Answer
\[\begin{align}
& 1\text{ J}=1\text{ kg }{{\text{m}}^{\text{2}}}\text{/}{{\text{s}}^{\text{2}}} \\
& \text{m}\,\,\text{=}\,\,\text{kg,}\,\,{{\text{v}}^{\text{2}}}\,=\,{{\left( \text{m/s} \right)}^{2}},\text{thus,mv}\,\,\text{=}\,\,\text{kg}\,{{\text{m}}^{\text{2}}}\,{{\text{s}}^{\text{2}}} \\
& \text{P}\,\,\text{=}\,\,\text{N/}{{\text{m}}^{2}}\,=\,\,\text{kg}\,\,\text{m/}{{\text{s}}^{\text{2}}}\text{/}{{\text{m}}^{\text{2}}}\,=\,\,\text{kg/m}\ {{\text{s}}^{{}}} \\
& \text{V}\,\,\text{=}\,\,{{\text{m}}^{3}}\,,\,\text{PV}\,\,=\,\text{kg}\,\,{{\text{m}}^{3}}/\text{m}{{\text{s}}^{2}}\,\,=\,\,\text{kg}\,{{\text{m}}^{\text{2}}}\text{/}{{\text{s}}^{\text{2}}} \\
\end{align}\]
Work Step by Step
The SI unit of energy is Joule (J).
\[1\text{ J}=1\text{ kg }{{\text{m}}^{\text{2}}}\text{/}{{\text{s}}^{\text{2}}}\]

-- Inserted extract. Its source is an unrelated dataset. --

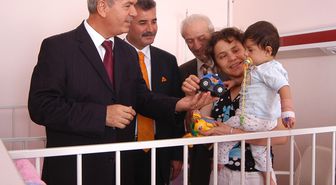 Vali Vekili Totuk, Yaşlıların, Hastaların ve Çocukların Bayramını Kutladı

Now, \[E=\frac{1}{2}m{{v}^{2}}\].
The SI unit of mass is kilogram and velocity is \[\text{m/s}\]. Thus,
\[\begin{align}
& \frac{1}{2}m{{v}^{2}}=\text{kg }{{\left( \text{m/s} \right)}^{2}} \\
& =\text{kg }{{\text{m}}^{\text{2}}}\text{/}{{\text{s}}^{\text{2}}}
\end{align}\]
The SI unit of pressure is calculated as follows:
\[\begin{align}
& P=\frac{F}{A} \\
& =\frac{ma}{A}
\end{align}\]
The SI unit of mass is kg, acceleration is \[\text{m/}{{\text{s}}^{\text{2}}}\], and area is \[{{\text{m}}^{2}}\]. Thus,
\[\begin{align}
& \frac{ma}{A}=\frac{\text{kg}\left( \text{m/}{{\text{s}}^{2}} \right)}{{{\text{m}}^{2}}} \\
& =\text{kg/(m }{{\text{s}}^{2}})
\end{align}\]
Similarly, \[E=\frac{3}{2}PV\].
The SI unit of pressure is \[\text{kg/(m}\ {{\text{s}}^{\text{2}}})\] and volume is \[{{\text{m}}^{3}}\]. Thus,
\[\begin{align}
& \frac{3}{2}PV=\left( \text{kg/(m}\ {{\text{s}}^{2}}) \right)\left( {{\text{m}}^{\text{3}}} \right) \\
& =\text{kg }{{\text{m}}^{\text{2}}}\text{/}{{\text{s}}^{\text{2}}}
\end{align}\]
The derived SI units of both these terms are those of energy.